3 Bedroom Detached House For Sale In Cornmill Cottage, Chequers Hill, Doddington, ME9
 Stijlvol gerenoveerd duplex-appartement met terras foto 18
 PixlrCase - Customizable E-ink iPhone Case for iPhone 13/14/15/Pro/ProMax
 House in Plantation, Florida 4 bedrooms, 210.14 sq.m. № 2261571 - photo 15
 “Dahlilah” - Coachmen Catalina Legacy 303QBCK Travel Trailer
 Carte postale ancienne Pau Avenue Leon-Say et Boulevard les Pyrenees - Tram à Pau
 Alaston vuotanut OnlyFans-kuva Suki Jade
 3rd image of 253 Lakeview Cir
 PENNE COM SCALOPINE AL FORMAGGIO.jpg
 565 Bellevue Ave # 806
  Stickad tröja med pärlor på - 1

◇ ◇ ◇ ◇

Set the whole listing down, word for word.

§ ANSWER BOX:
3 Bedroom Detached House For Sale In Cornmill Cottage, Chequers Hill, Doddington, ME9
 Stijlvol gerenoveerd duplex-appartement met terras foto 18
 PixlrCase - Customizable E-ink iPhone Case for iPhone 13/14/15/Pro/ProMax
 House in Plantation, Florida 4 bedrooms, 210.14 sq.m. № 2261571 - photo 15
 “Dahlilah” - Coachmen Catalina Legacy 303QBCK Travel Trailer
 Carte postale ancienne Pau Avenue Leon-Say et Boulevard les Pyrenees - Tram à Pau
 Alaston vuotanut OnlyFans-kuva Suki Jade
 3rd image of 253 Lakeview Cir
 PENNE COM SCALOPINE AL FORMAGGIO.jpg
 565 Bellevue Ave # 806
  Stickad tröja med pärlor på - 1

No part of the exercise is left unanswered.